In der Tat konzentriert sich «Women in Power» derzeit auf die Deutschschweiz. «Wir mussten irgendwo anfangen», sagt Letzner. «Aber natürlich wollen wir wachsen und ein gesamtschweizerisches Netzwerk werden. Wir prüfen derzeit den Aufbau des Netzwerks in der Romandie und im Tessin.» Der Mitgliederbeitrag richtet sich nach der Grösse der Firma oder Organisation und beträgt 5 Franken pro Mitarbeiterin oder Mitarbeiter – mindestens aber 1000 und maximal 7500 Franken. «Wir wollen für alle zugänglich sein», sagt Letzner.

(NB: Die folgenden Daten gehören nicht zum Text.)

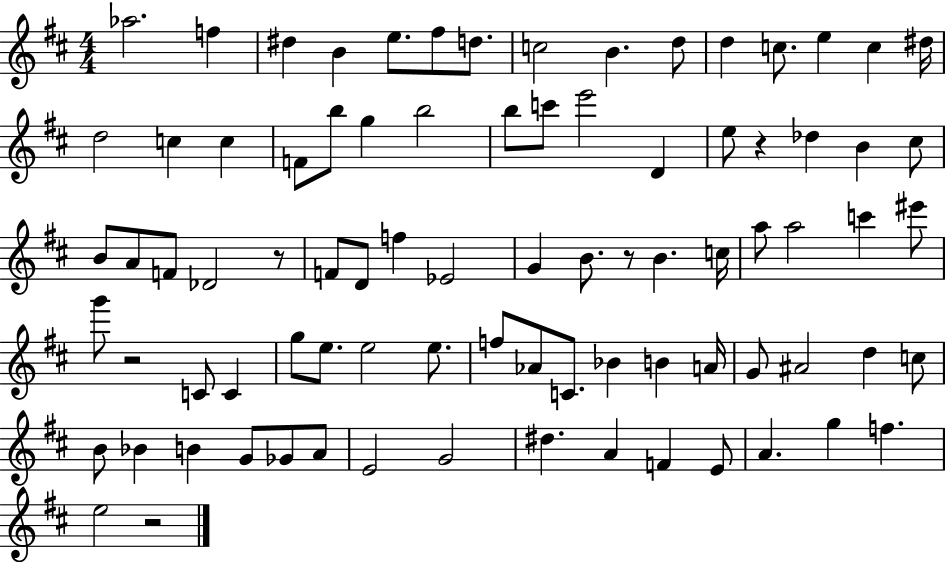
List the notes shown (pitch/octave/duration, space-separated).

Ab5/h. F5/q D#5/q B4/q E5/e. F#5/e D5/e. C5/h B4/q. D5/e D5/q C5/e. E5/q C5/q D#5/s D5/h C5/q C5/q F4/e B5/e G5/q B5/h B5/e C6/e E6/h D4/q E5/e R/q Db5/q B4/q C#5/e B4/e A4/e F4/e Db4/h R/e F4/e D4/e F5/q Eb4/h G4/q B4/e. R/e B4/q. C5/s A5/e A5/h C6/q EIS6/e G6/e R/h C4/e C4/q G5/e E5/e. E5/h E5/e. F5/e Ab4/e C4/e. Bb4/q B4/q A4/s G4/e A#4/h D5/q C5/e B4/e Bb4/q B4/q G4/e Gb4/e A4/e E4/h G4/h D#5/q. A4/q F4/q E4/e A4/q. G5/q F5/q. E5/h R/h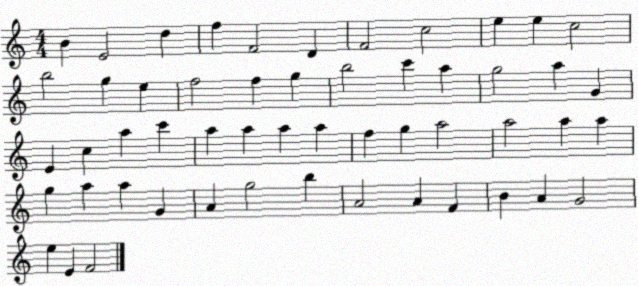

Auf der Agenda von «Women in Power» stehen nun Vernetzungsanlässe und verschiedene Workshops. Auch der fachliche Austausch finde vermehrt statt, sagt Letzner. Sollte das neu gegründete Netzwerk tatsächlich dazu beitragen, dass sich künftig mehr Frauen für die Energiebranche entscheiden, dann leistet dies nicht nur einen Beitrag gegen den Fachkräftemangel, wie Luise Letzner anmerkt. Mehr Diversität führe auch zu mehr Diskussionen, zu unterschiedlichen Ideen und Wahrnehmungen und letztlich zu mehr Innovation.